» **Exercise directions**:
Return the stretch from the line with "Puesta de sol" through the line with "图片[2]-【总裁版本】Stone Island x" in the data below, character for character, skipping all pictures.

» **Dataset**:

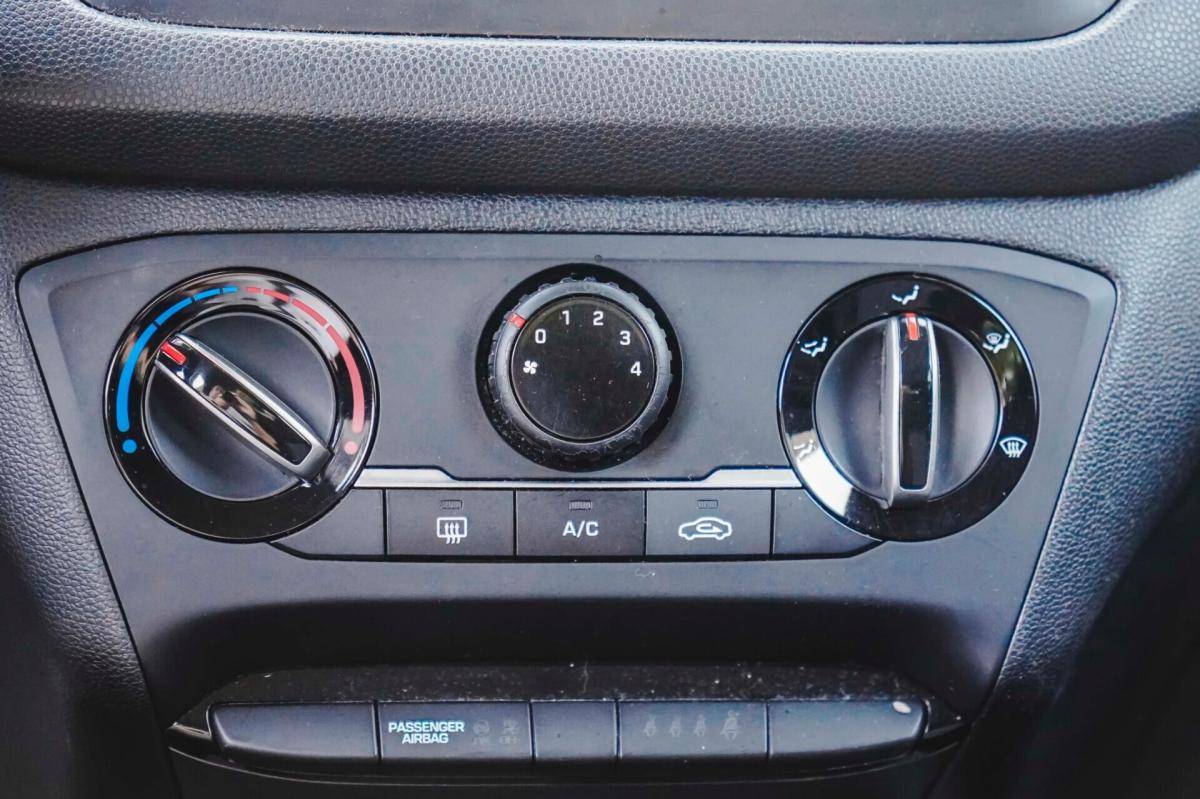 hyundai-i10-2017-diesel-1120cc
--
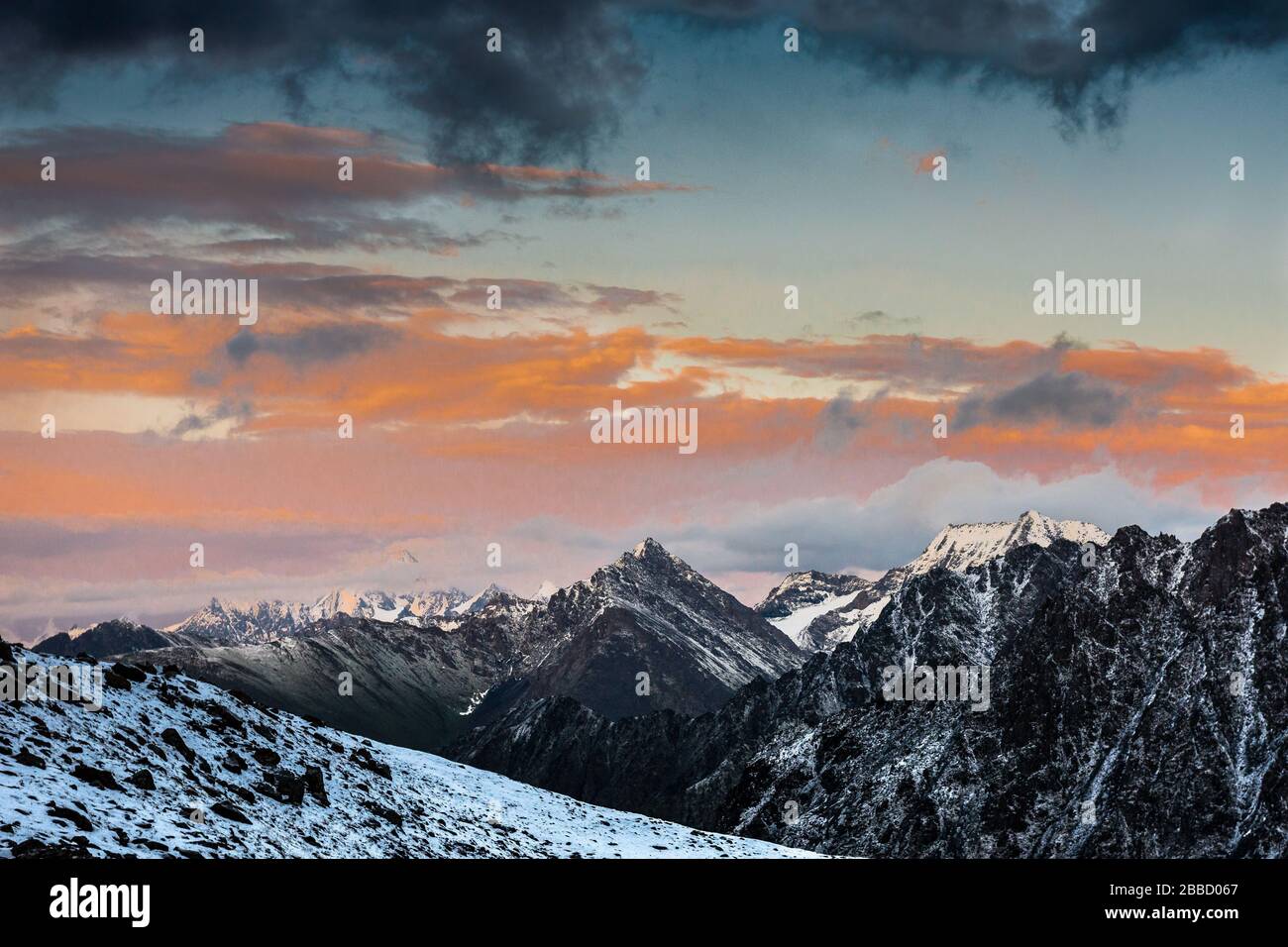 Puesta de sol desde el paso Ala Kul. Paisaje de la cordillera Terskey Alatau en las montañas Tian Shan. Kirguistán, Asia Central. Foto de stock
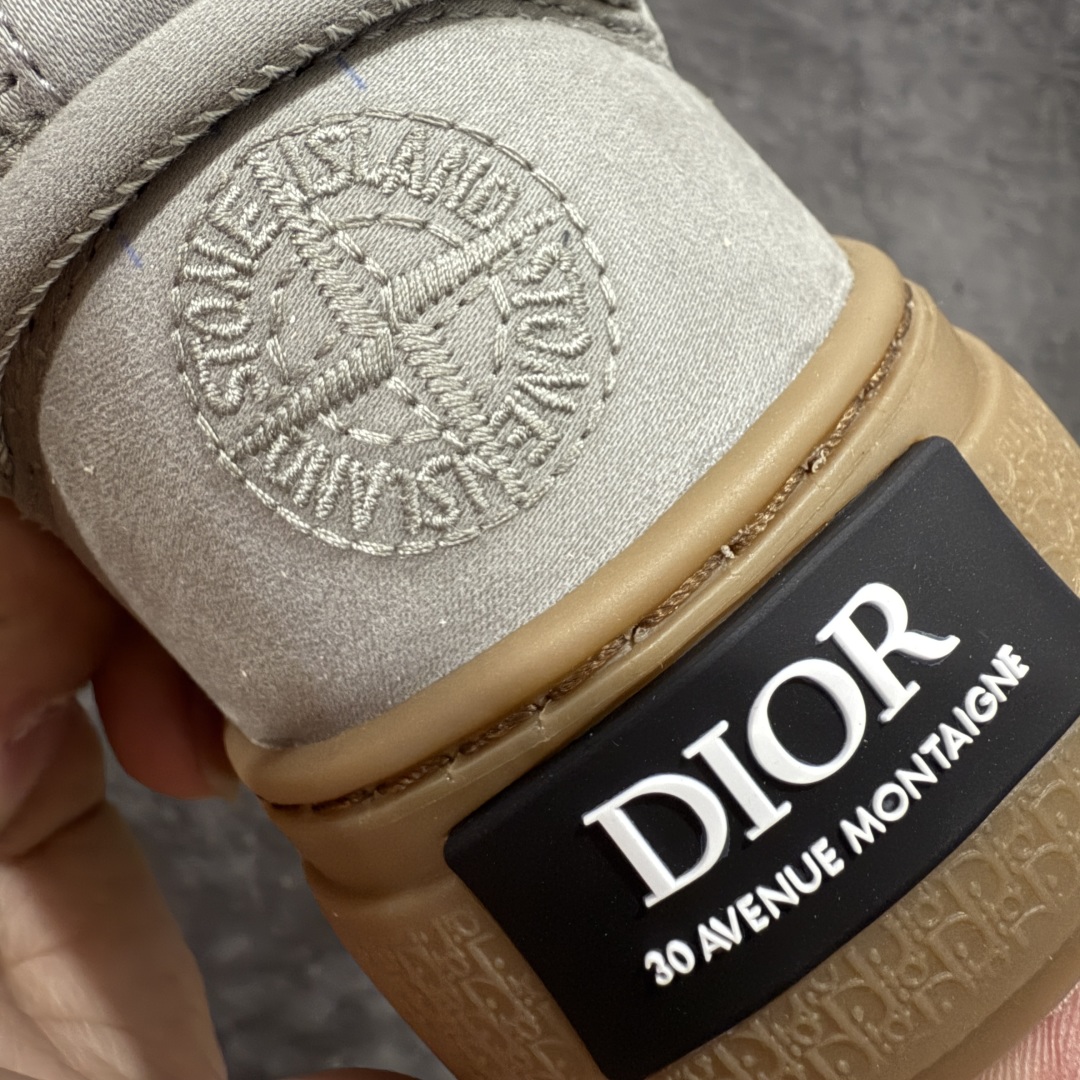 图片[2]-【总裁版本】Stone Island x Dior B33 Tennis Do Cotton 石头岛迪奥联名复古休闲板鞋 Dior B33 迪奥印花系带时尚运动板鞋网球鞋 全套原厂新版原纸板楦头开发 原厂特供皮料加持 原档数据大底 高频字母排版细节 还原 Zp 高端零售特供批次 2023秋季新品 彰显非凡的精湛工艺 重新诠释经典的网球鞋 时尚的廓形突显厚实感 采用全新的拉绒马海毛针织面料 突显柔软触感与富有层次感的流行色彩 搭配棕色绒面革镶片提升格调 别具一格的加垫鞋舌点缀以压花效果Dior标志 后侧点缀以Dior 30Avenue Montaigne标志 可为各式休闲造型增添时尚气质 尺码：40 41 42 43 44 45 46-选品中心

» **Response**:
 Puesta de sol desde el paso Ala Kul. Paisaje de la cordillera Terskey Alatau en las montañas Tian Shan. Kirguistán, Asia Central. Foto de stock
 图片[2]-【总裁版本】Stone Island x Dior B33 Tennis Do Cotton 石头岛迪奥联名复古休闲板鞋 Dior B33 迪奥印花系带时尚运动板鞋网球鞋 全套原厂新版原纸板楦头开发 原厂特供皮料加持 原档数据大底 高频字母排版细节 还原 Zp 高端零售特供批次 2023秋季新品 彰显非凡的精湛工艺 重新诠释经典的网球鞋 时尚的廓形突显厚实感 采用全新的拉绒马海毛针织面料 突显柔软触感与富有层次感的流行色彩 搭配棕色绒面革镶片提升格调 别具一格的加垫鞋舌点缀以压花效果Dior标志 后侧点缀以Dior 30Avenue Montaigne标志 可为各式休闲造型增添时尚气质 尺码：40 41 42 43 44 45 46-选品中心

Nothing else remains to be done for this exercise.